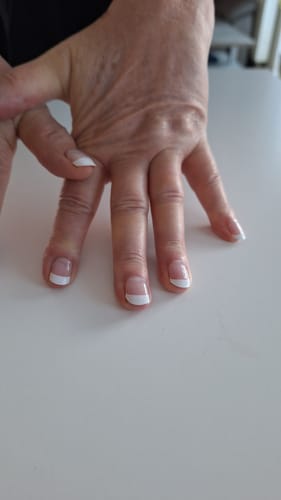 Nahaufnahme der Hand einer Kundin, die ihre elegante „Classy French“ UV Gel-Maniküre auf einem weißen Tisch zeigt.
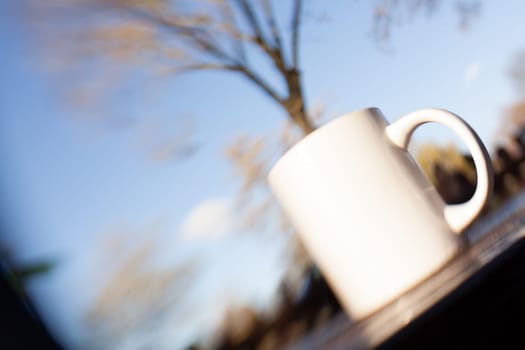 Coffee mug on an outside table in a cafe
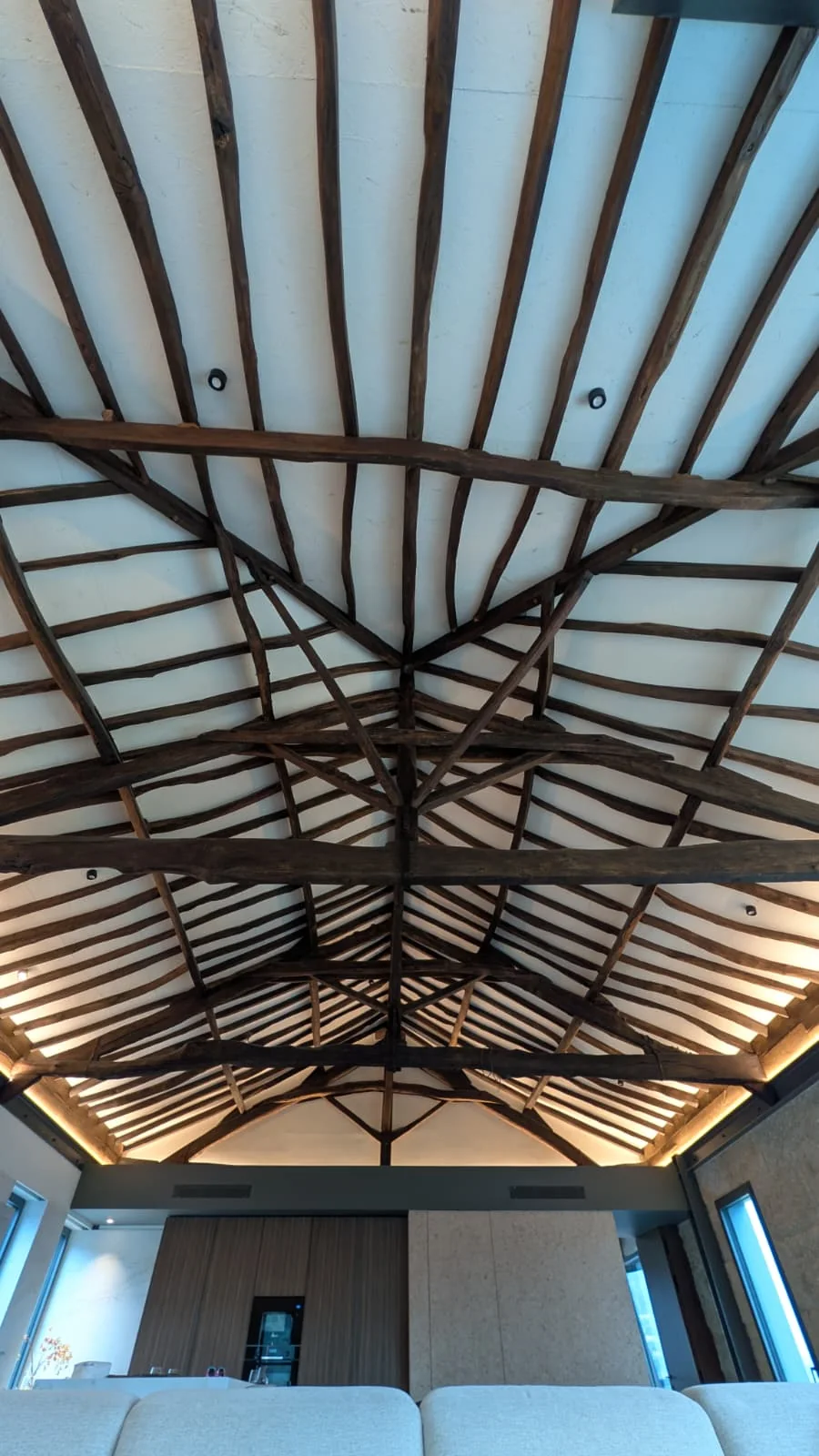The restored timber roof structure of the manor seen from directly below: dark beams radiating from a central hip over pale infill panels, with concealed cove lighting at the wall head.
* * * * * * *
Return the listing above unchanged, apart from dropping its pictures.

RESULT OF THE EXERCISE:
 Nahaufnahme der Hand einer Kundin, die ihre elegante „Classy French“ UV Gel-Maniküre auf einem weißen Tisch zeigt.
 Coffee mug on an outside table in a cafe
The restored timber roof structure of the manor seen from directly below: dark beams radiating from a central hip over pale infill panels, with concealed cove lighting at the wall head.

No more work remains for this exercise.